## WHAT THE TASK REQUIRES:
Please write out the entire listing below exactly, excluding its pictures.

## GIVEN DATA:
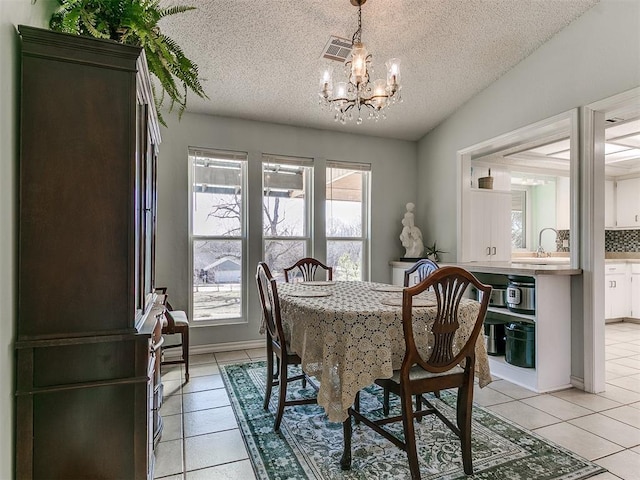 dining room with a notable chandelier, vaulted ceiling, visible vents, and light tile patterned floors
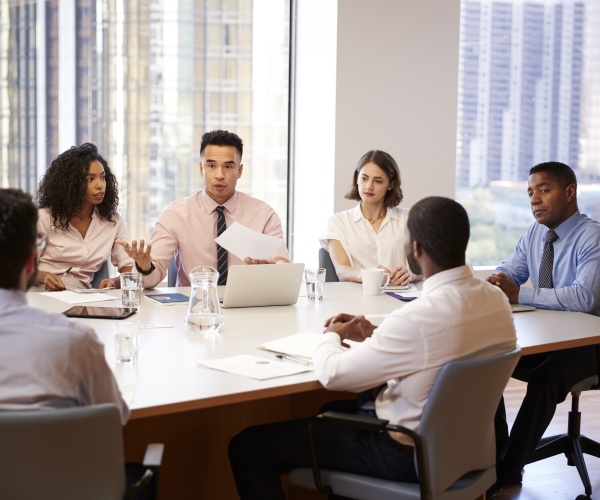 people in a meeting in office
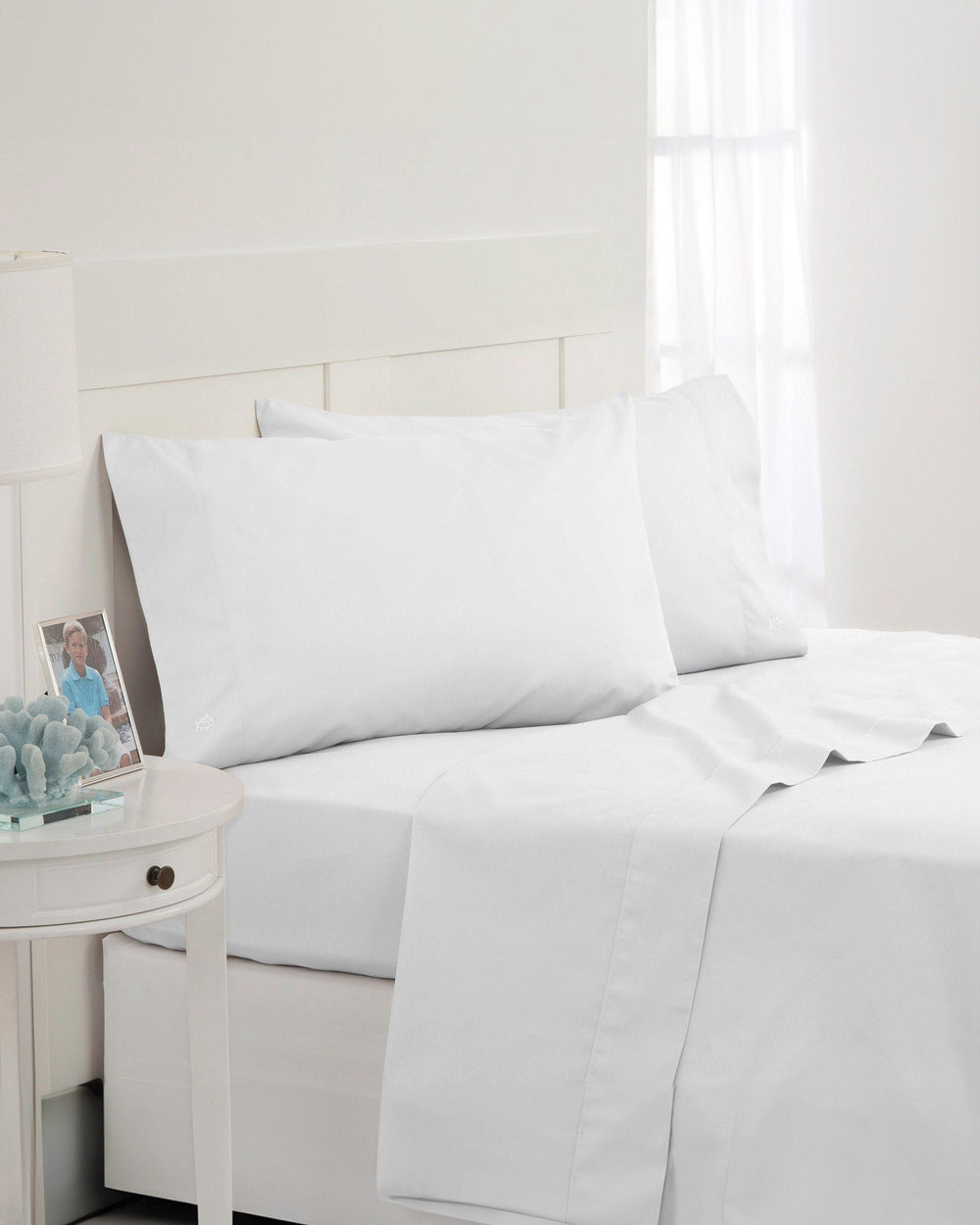The angle front view of the Southern Tide Cotton Twill Sheet Set by Southern Tide - White
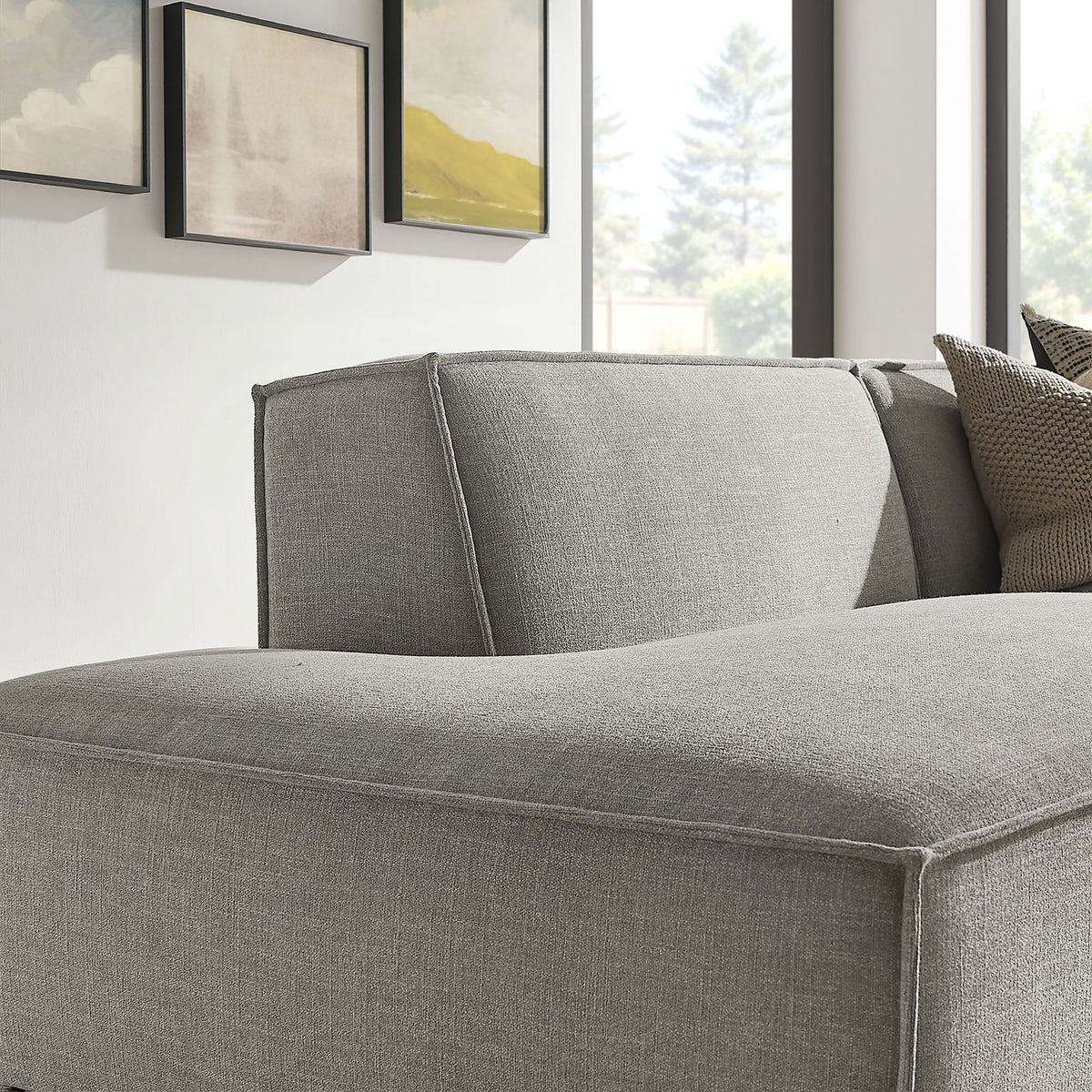 Close-up of chaise backrest with soft pewter upholstery and tailored seams in a bright room. || EEI-7427-PEW || detail_room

## ANSWER SECTION:
 dining room with a notable chandelier, vaulted ceiling, visible vents, and light tile patterned floors
 people in a meeting in office
The angle front view of the Southern Tide Cotton Twill Sheet Set by Southern Tide - White
 Close-up of chaise backrest with soft pewter upholstery and tailored seams in a bright room. || EEI-7427-PEW || detail_room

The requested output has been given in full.